Over recent years, a consensus has formed between corporates, financial institutions, investors, governments and regulators: that environmental disclosure is a market necessity. It has been proved to raise corporate financial performance, boost resilience and – most critically – direct financial flows toward the Paris Agreement goal of limiting temperature rises to 1.5°C. 

However, the mainstreaming of ESG disclosure has gone hand in hand with a rise in reported confusion around the growing ecosystem of related ratings, indices and tools, as well as accusations that companies are greenwashing by making false claims about their environmental performance. Combined, these phenomena are detracting from the fundamental purpose of disclosure: to allow better capital allocation.

Sustainable finance taxonomies are one of the most important tools developed to tackle these challenges – classification systems that establish a list for investors of environmentally sustainable economic activities. The most widely recognised sustainable finance taxonomy is the EU Taxonomy. Others include the Chinese National Development and Reform Commission’s Green Industry Guiding Catalogue, and the Singapore Taxonomy (currently under development).

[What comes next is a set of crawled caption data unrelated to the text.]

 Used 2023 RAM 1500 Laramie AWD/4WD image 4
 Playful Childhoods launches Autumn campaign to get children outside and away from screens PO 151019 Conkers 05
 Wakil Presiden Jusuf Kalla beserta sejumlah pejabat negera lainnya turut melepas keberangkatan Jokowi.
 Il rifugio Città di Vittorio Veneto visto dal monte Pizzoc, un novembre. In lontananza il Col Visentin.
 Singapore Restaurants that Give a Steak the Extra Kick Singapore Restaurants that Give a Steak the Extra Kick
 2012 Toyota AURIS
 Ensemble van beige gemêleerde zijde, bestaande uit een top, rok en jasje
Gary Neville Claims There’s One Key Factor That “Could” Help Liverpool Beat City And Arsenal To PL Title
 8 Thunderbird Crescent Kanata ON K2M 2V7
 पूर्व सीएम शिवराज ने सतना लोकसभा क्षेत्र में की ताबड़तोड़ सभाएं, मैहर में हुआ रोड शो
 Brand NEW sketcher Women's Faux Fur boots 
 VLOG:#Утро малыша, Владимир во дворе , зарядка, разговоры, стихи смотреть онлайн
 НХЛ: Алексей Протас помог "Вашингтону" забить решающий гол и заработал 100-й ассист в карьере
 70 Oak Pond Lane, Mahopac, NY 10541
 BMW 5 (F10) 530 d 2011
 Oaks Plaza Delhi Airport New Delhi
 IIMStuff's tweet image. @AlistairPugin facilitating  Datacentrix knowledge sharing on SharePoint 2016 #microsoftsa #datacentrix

An explosion of taxonomies

At CDP, we strongly believe taxonomies can drive capital allocation towards sustainable activities, reduce greenwashing and enable comparison between investment opportunities. However, with at least 28 initiatives developed globally, the explosion of different taxonomies presents major risks that, over time, could make their use redundant. A wide variety of criteria – often opposing or incompatible – will increase uncertainty, ultimately undermining the core purpose of taxonomies. 

Room for regional nuance is important: environments, risks and economies differ, and this should be catered to. Yet a set of common criteria can, and should, be applied to override this risk, and ensure data access, analysis and use by the international investor market. Regulators must work together to identify and adopt a common baseline, together with identifying linkages between existing taxonomies. This will be essential to avoid policy fragmentation and encourage interoperability. 

Where to start? The EU taxonomy is admittedly high quality and can serve as a blueprint for the development of common criteria. It is based on the foundational principle of ‘do no harm’, which should form the basis of any taxonomy developed.

Climate-related activities are a first stepping-stone for this taxonomy, but it is rightly set to expand to other environmental issues. Taxonomies should be created in digital form, allowing systems to automatically read and work with the information contained, simplifying classification of investments.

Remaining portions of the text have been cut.